In a move that will surprise no one familiar with his questionable career trajectory, Martin Shkreli, the pharmaceutical executive best known for hiking the price of a lifesaving anti-parasitic drug to $750 from $13.50, has been arrested and charged with securities fraud by the Federal Bureau of Investigation.
The arrest isn’t connected to the inflated price of Daraprim, which is used to treat toxoplasmosis in people with compromised immune systems, like HIV/AIDs and cancer patients (Daraprim has been sold since 1953, but its cost came under Shkreli’s control in August when it was acquired by his company Turing Pharmaceuticals). Instead, prosecutors say Shkreli committed fraud by illegally using stock from Retrophin, the company he ran from 2011 to 2014, to pay off debts, reports Bloomberg Business.

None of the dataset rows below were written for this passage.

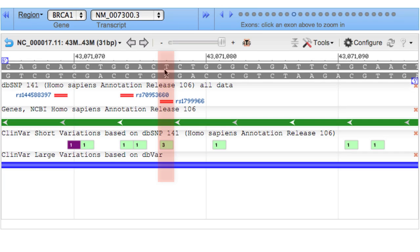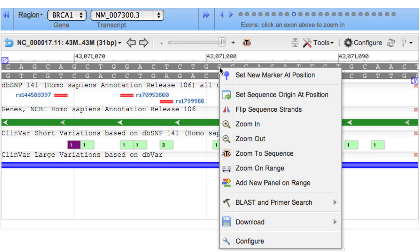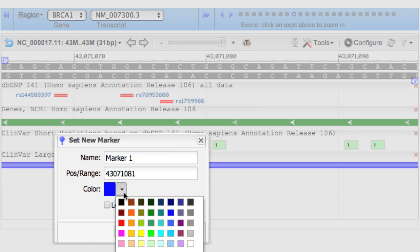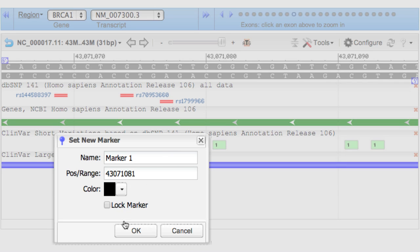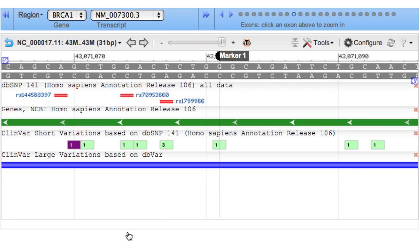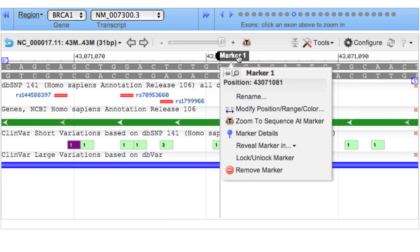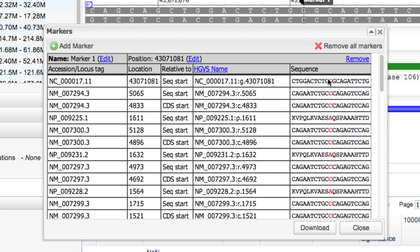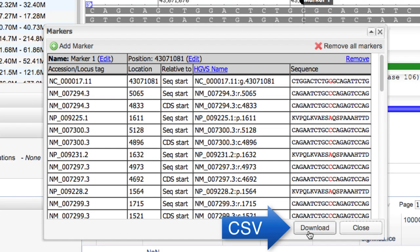Of course, I can do this for a known SNP, but also for any position. I'll right-click on this G, set a new marker, change the name and color if I like, then mouse over the marker and select Marker Details. You can also download this table for import into a spreadsheet.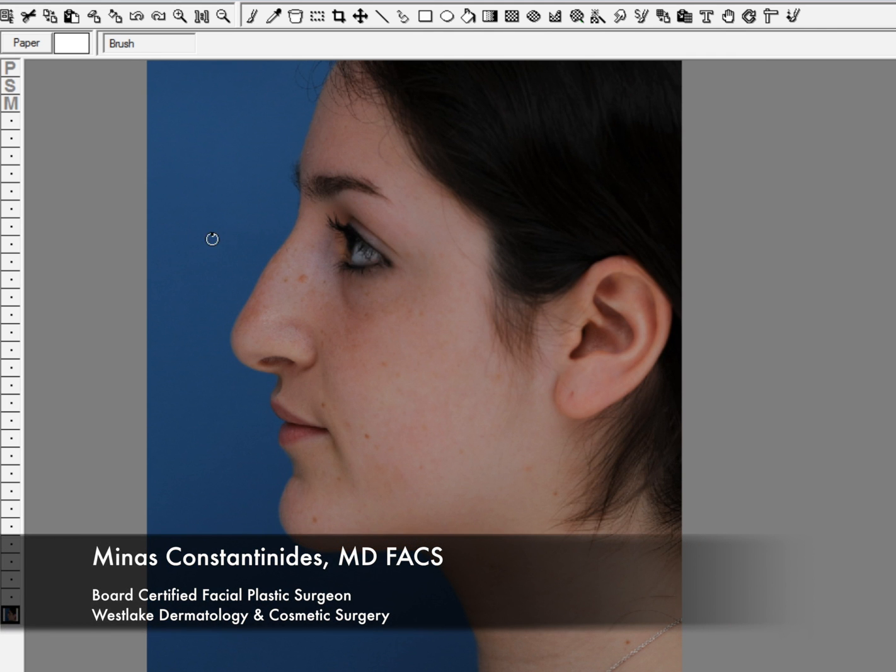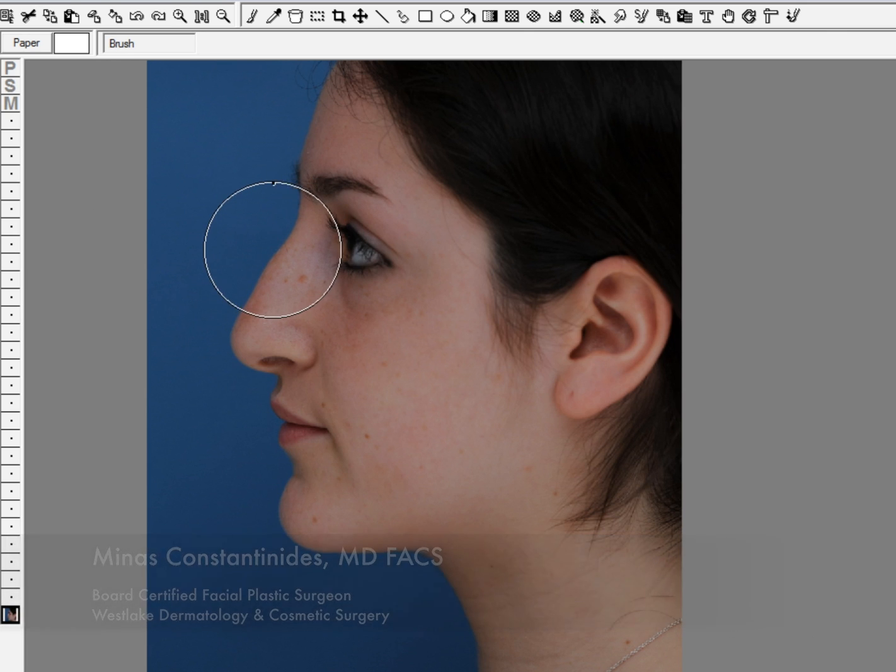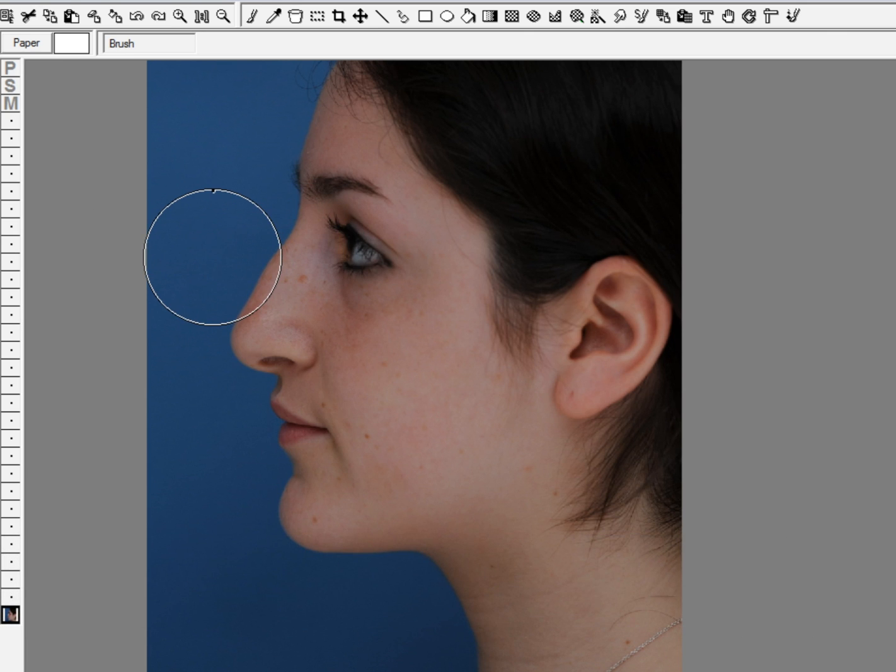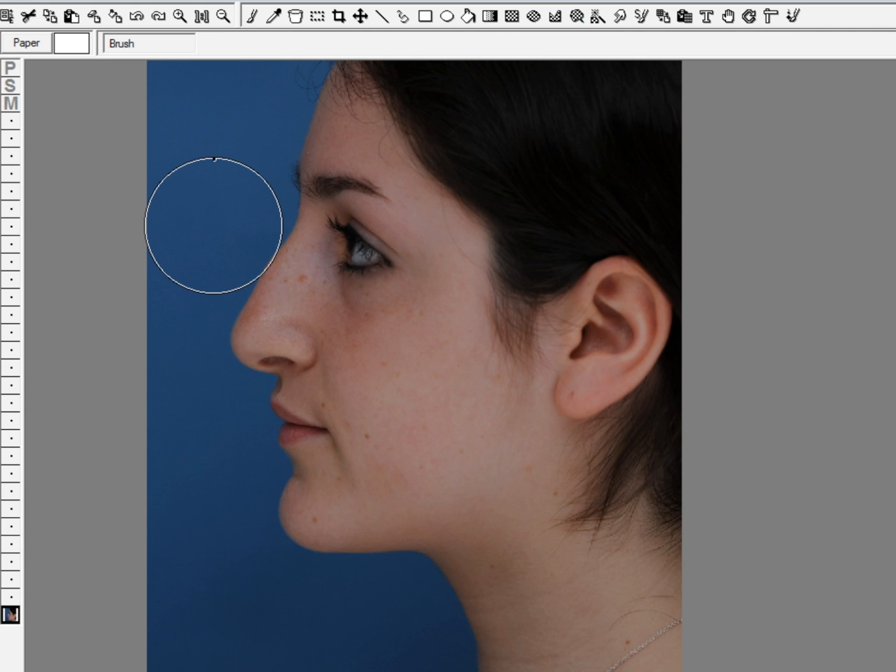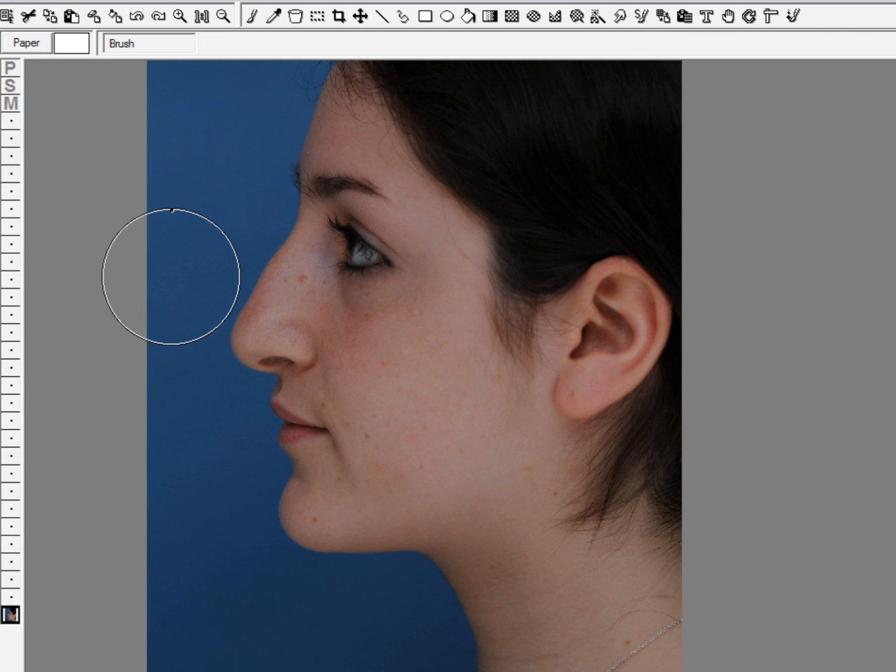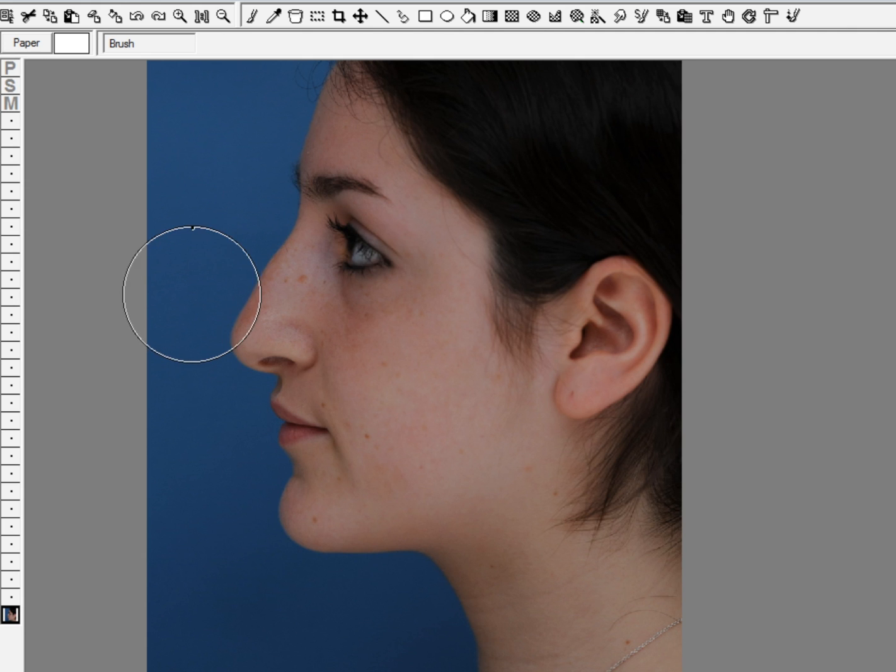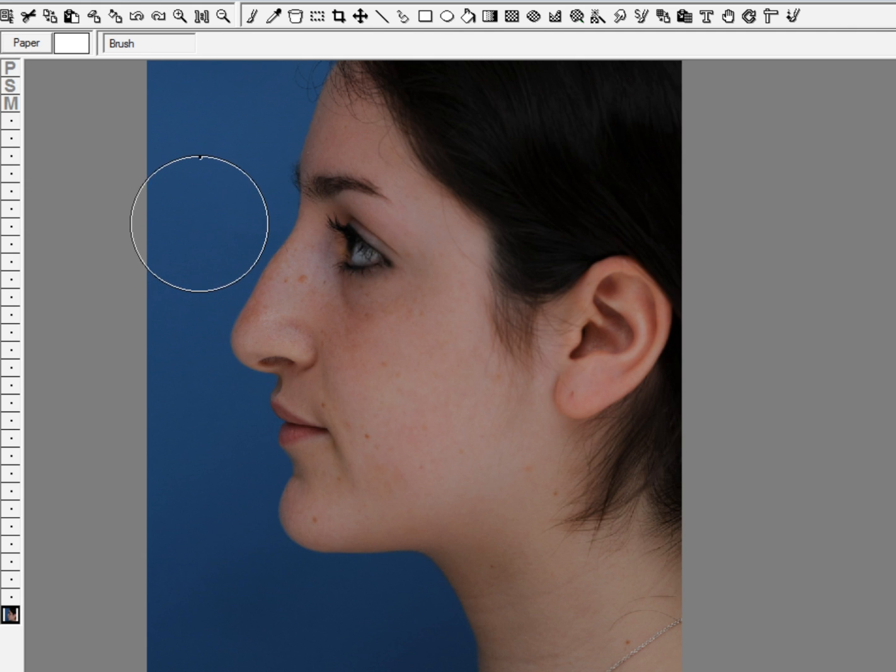This is Dr. Canastas Anitas and today we're going to show how photo imaging works for rhinoplasty. This young lady wanted to have a smaller nose for her face and a straighter ridge without as much of a bump, and she also wanted a little bit more of a shorter nose. So we're going to show how photo imaging can help to give an idea about what surgery can do.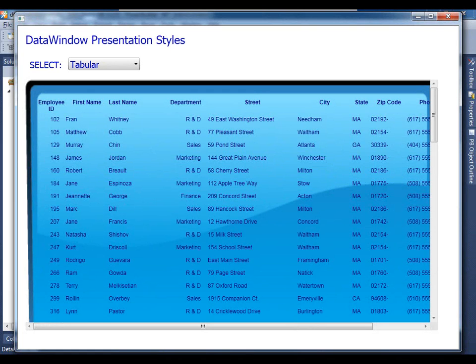And that is just the start of the wealth of capabilities that are available to you with data window technology within PowerBuilder. Thank you very much for your attention.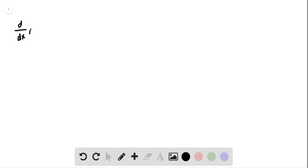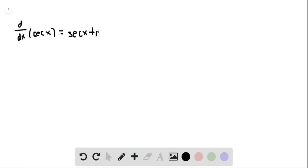We're trying to prove that d/dx of secant is equal to secant times tangent. We know secant is 1 over cosine.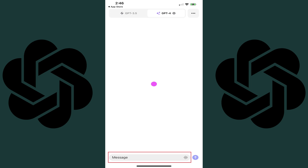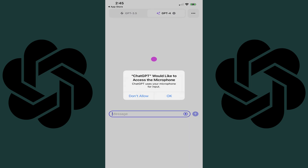Step 3: Find the message bar along the bottom of the screen, and then tap the Soundwave icon on the right side of the message bar. A window pops up asking if you want to let ChatGPT access your microphone. Step 4: Tap OK in this window.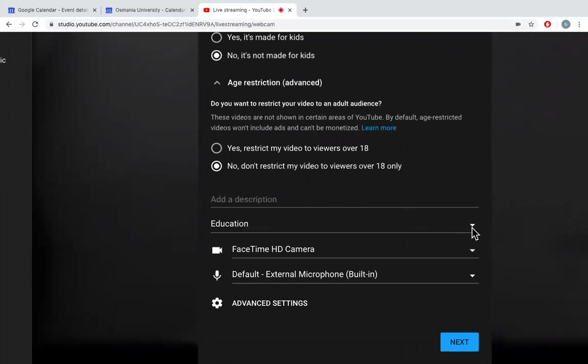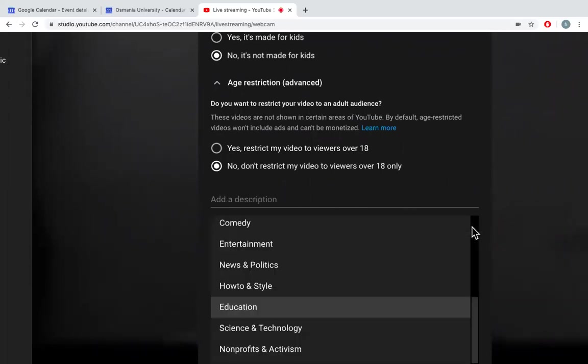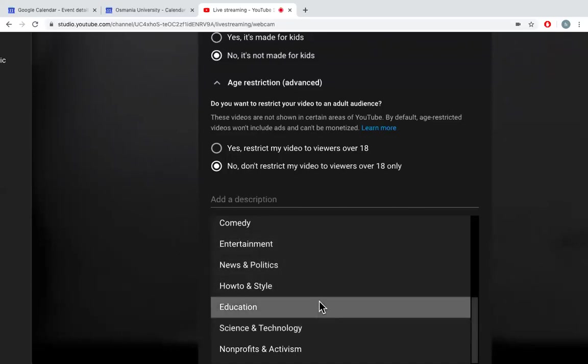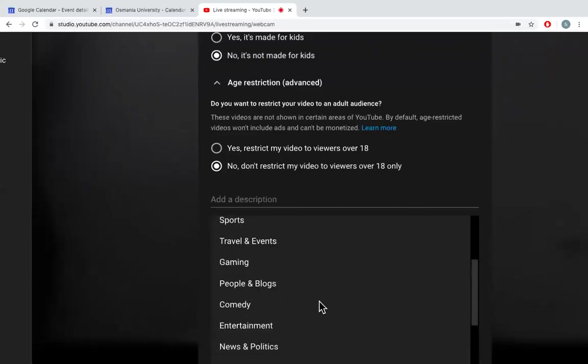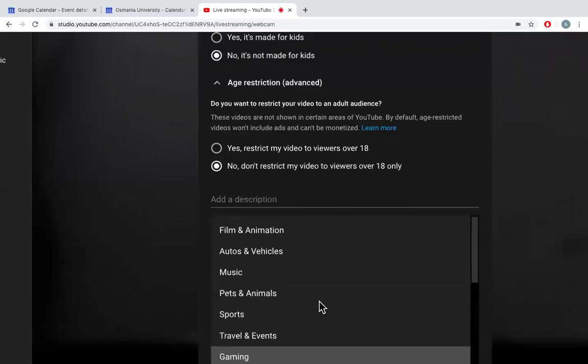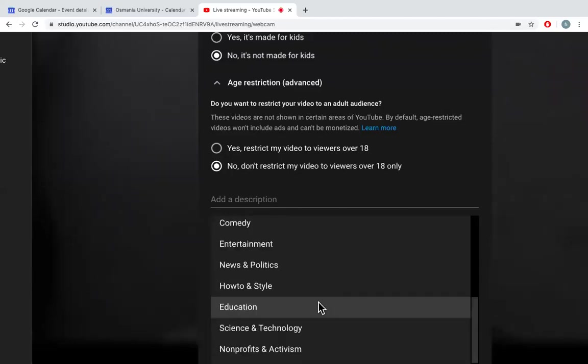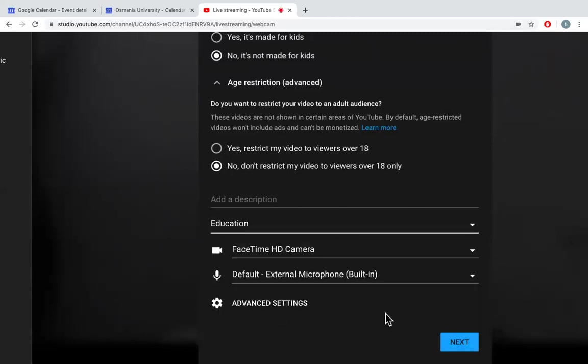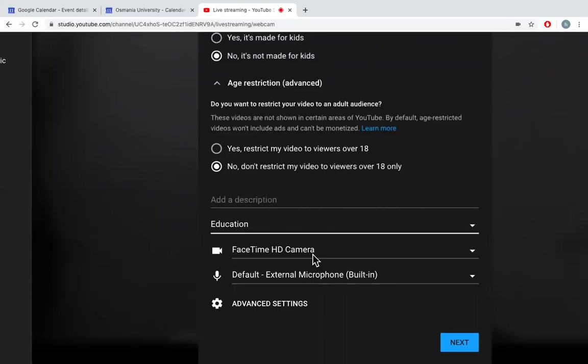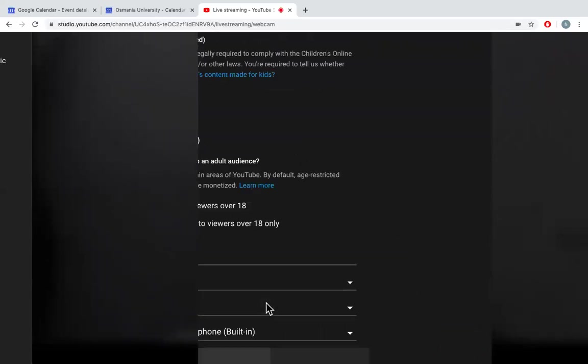And you can also choose to which area it belongs. So I can select anything. So I'll say education. These are the camera and microphones which have been chosen for this live streaming. You can also click on advanced settings.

According to a September report by Newsweek, Shkreli’s crimes may actually be even more complex and serious. The magazine wrote that “the inquiry, according to crime records and people with knowledge of the inquiry, involves such a vast number of suspected crimes it is difficult to know where to start. A quick summary of the government’s theory: If there was money, Shkreli took it. If there were facts to be revealed, Shkreli hid them. If there were securities laws, Shkreli broke them.”
Shkreli was fired from Retrophin in 2014 and later sued by its board.
The Daraprim price-hike made Shkreli one of the most reviled men in the world, denounced even by Donald Trump, but he seemed to enjoy the attention, engaging in frequent fisticuffs on Twitter, going back on a promise to lower Daraprim’s price, and spending millions on the only copy of Wu-Tang Clan’s latest album/conceptual art project in existence. Shkreli said he planned to save “Once Upon A Time In Shaolin” for a rainy day, so maybe he’s listening to it now.
TechCrunch has emailed Turing Pharmaceuticals for comment.